***** THE DATA *****

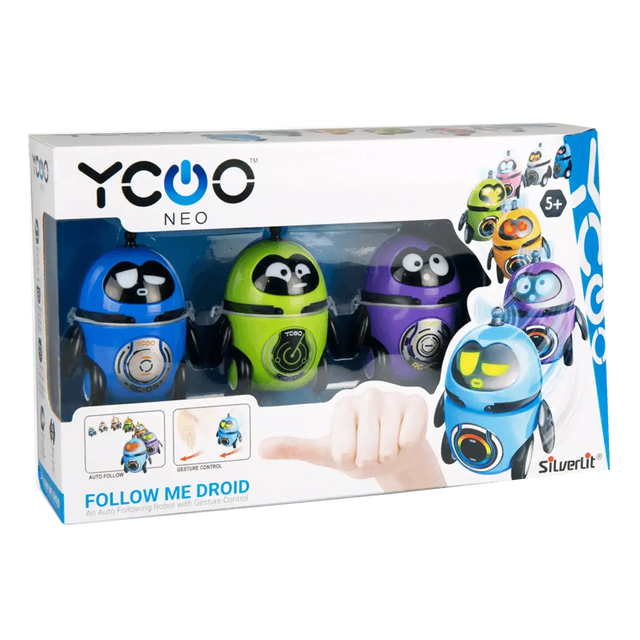 SILVERLIT Follow Me Droid Triple Pack - Toybox Tales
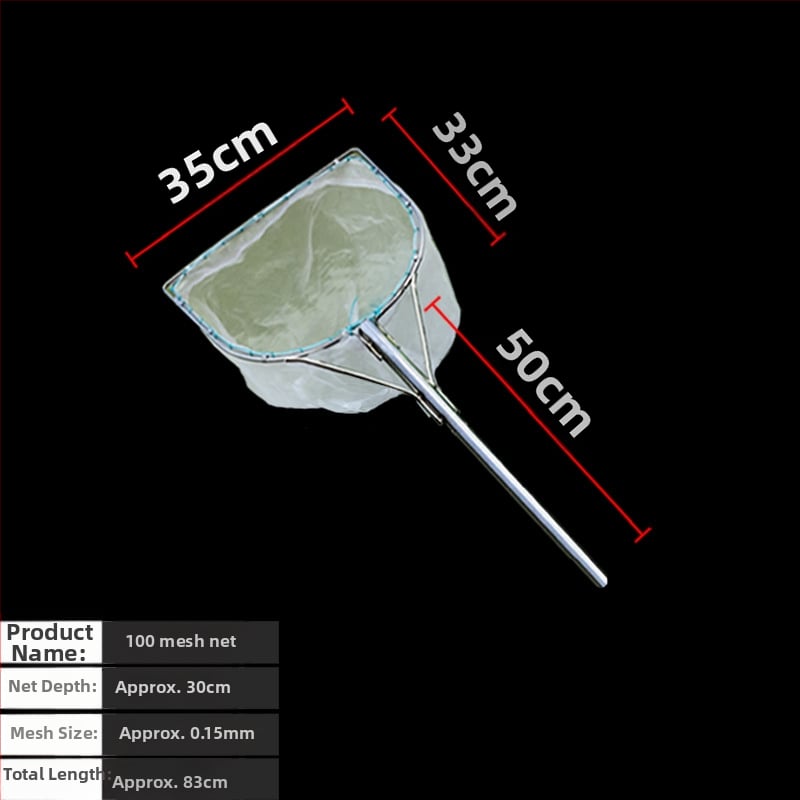Storas žiedinis nerūdijančio plieno žvejybos tinklas, smulkus krevetėms tinklas, laukinės žvejybos įranga; Tinklo medžiaga: Kitas; Apkroja: Kitas; Gylis: Kitas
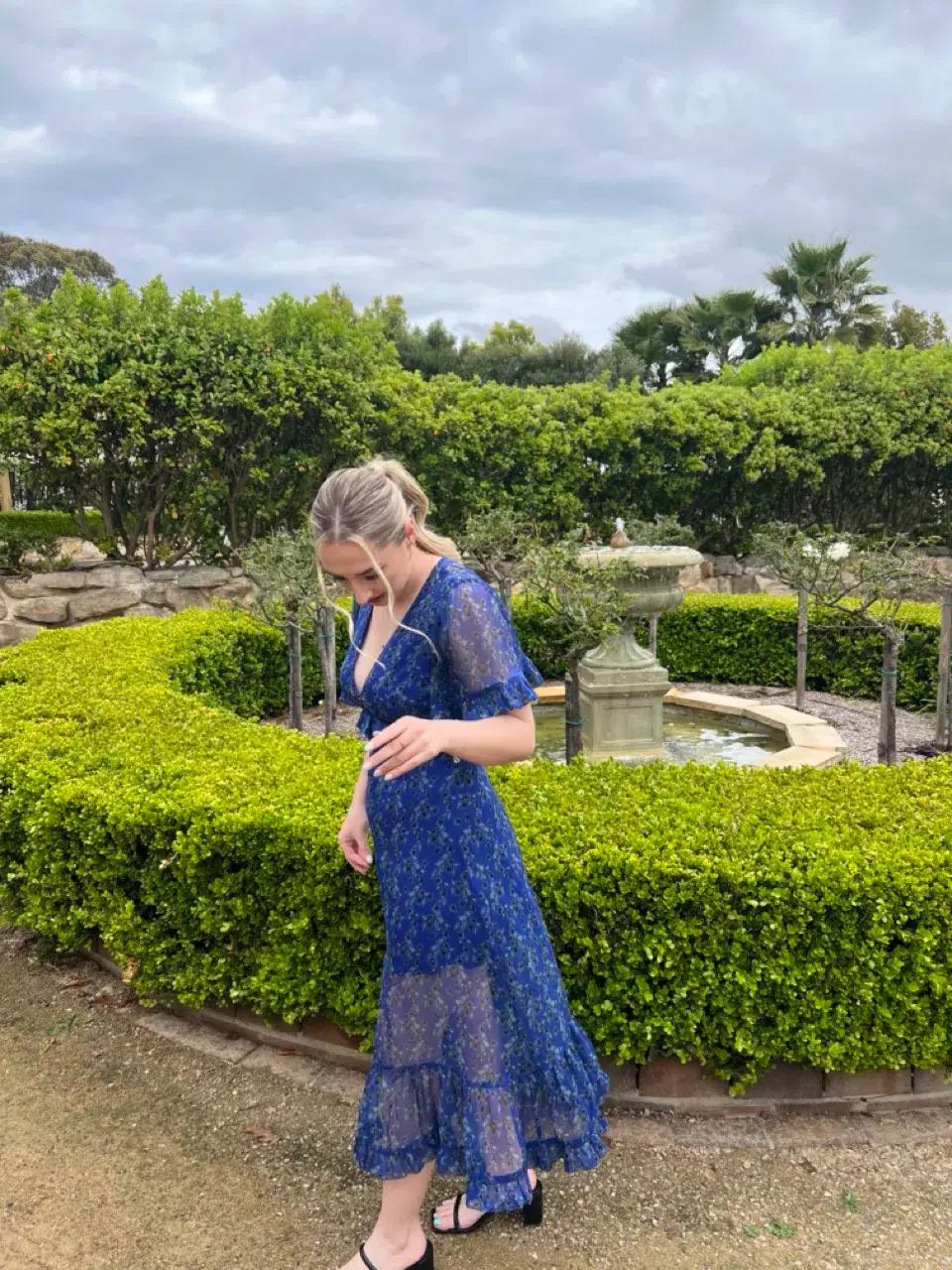 Talulah Morning Light Midi Dress Blue Size 1/ AU 8 - Image 2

*****

### ABOUT THIS TASK
Restate word for word the lines from the one with "Storas žiedinis nerūdijančio" to the end of the material, both included. Do not include the pictures.

### RESULT FOR THIS EXERCISE
Storas žiedinis nerūdijančio plieno žvejybos tinklas, smulkus krevetėms tinklas, laukinės žvejybos įranga; Tinklo medžiaga: Kitas; Apkroja: Kitas; Gylis: Kitas
 Talulah Morning Light Midi Dress Blue Size 1/ AU 8 - Image 2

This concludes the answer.